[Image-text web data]
○ ○ ○ ○ ○ ○ ○
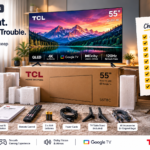 TCL 55T8C 55-inch 4K QLED Google TV — featured image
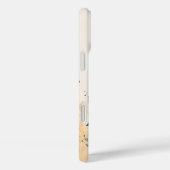 Elegante Witte Madelief Bloem Case-Mate iPhone Case (Achterkant / Rechts)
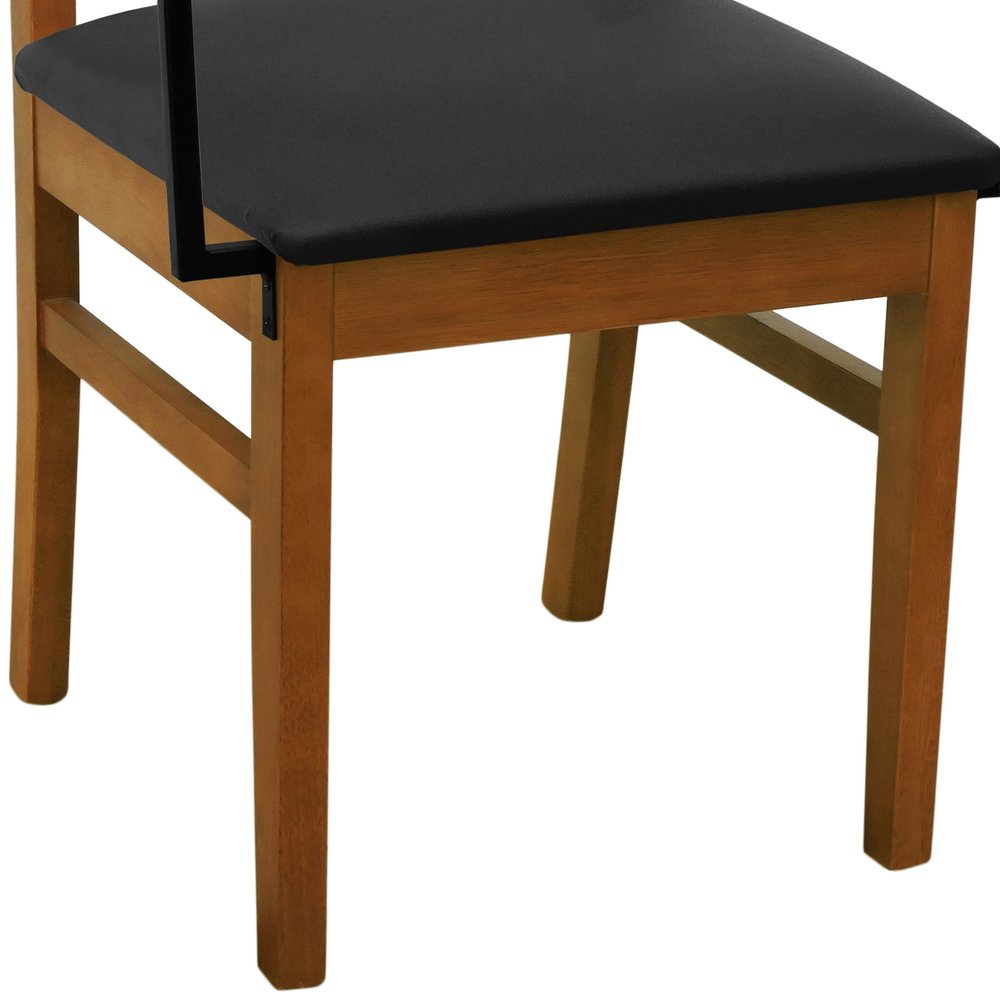 cadeira tie com bracos corano preto 7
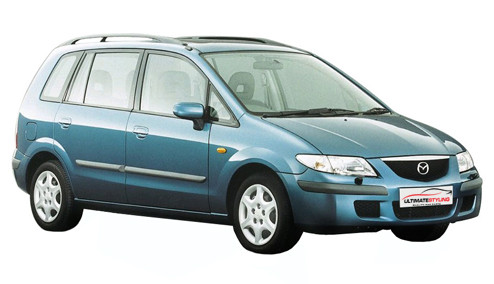 Mazda Premacy 2.0 Turbo (89bhp) Diesel (16v) FWD (1998cc) - (1999-2001) MPV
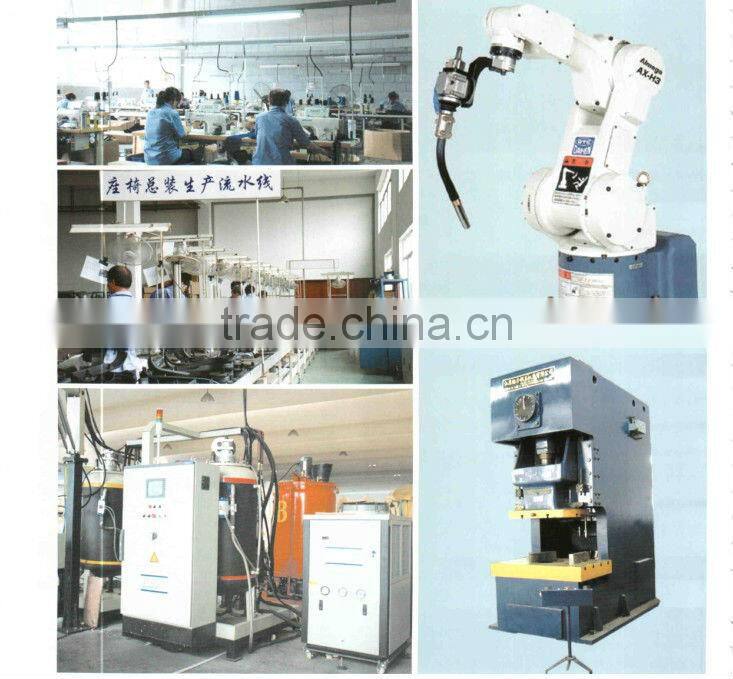 10-MOVEMENTS SEAT FRAME ASSEMBLY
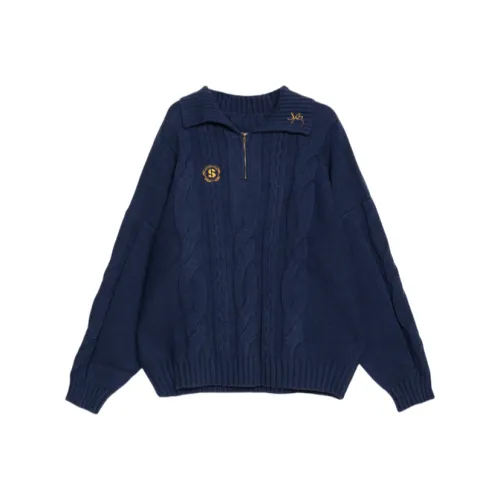 Princess Berdele Knitwear Women's Navy Blue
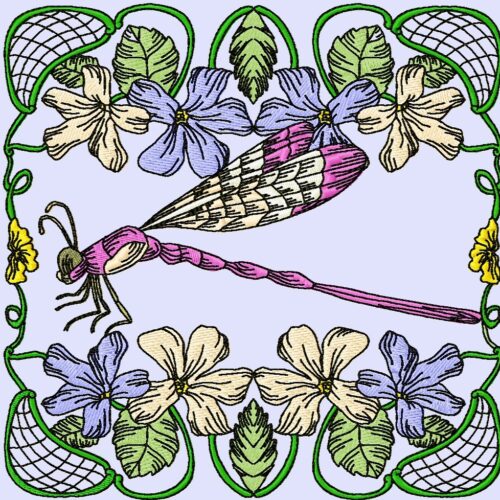 Dragonfly Blocks number 3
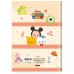 Caderno Universitário CD Costurado 80 Fls Tsum Tsum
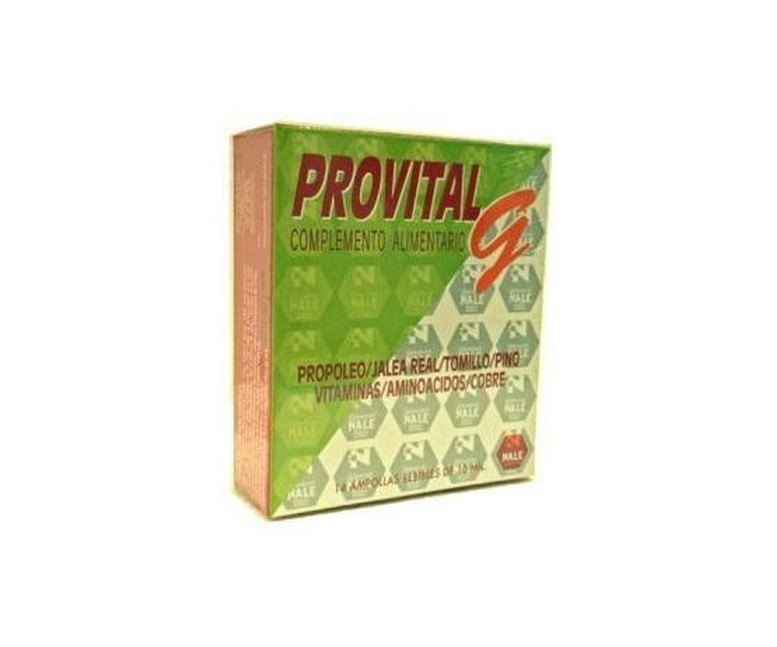 Provital Grip 14 ampollas Nale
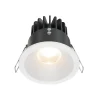 Zoom LED-indbygningslampe 930 IP65 rund triac, hvid^Maytoni Best
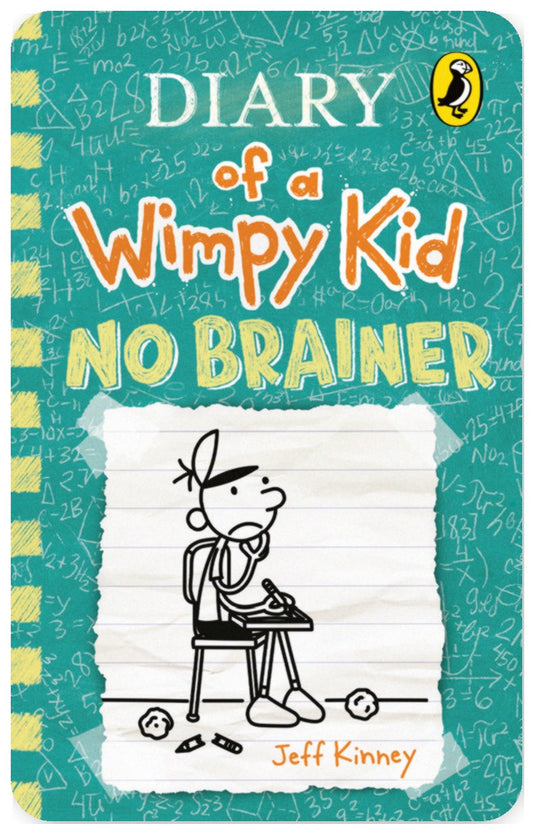 Diary of a Wimpy Kid No Brainer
○ ○ ○ ○ ○ ○ ○
# Exercise directions
The records above should be copied word for word, with the pictures left out.

# Solution to this exercise
 TCL 55T8C 55-inch 4K QLED Google TV — featured image
 Elegante Witte Madelief Bloem Case-Mate iPhone Case (Achterkant / Rechts)
 cadeira tie com bracos corano preto 7
 Mazda Premacy 2.0 Turbo (89bhp) Diesel (16v) FWD (1998cc) - (1999-2001) MPV
 10-MOVEMENTS SEAT FRAME ASSEMBLY
 Princess Berdele Knitwear Women's Navy Blue
 Dragonfly Blocks number 3
 Caderno Universitário CD Costurado 80 Fls Tsum Tsum
 Provital Grip 14 ampollas Nale
 Zoom LED-indbygningslampe 930 IP65 rund triac, hvid^Maytoni Best
 Diary of a Wimpy Kid No Brainer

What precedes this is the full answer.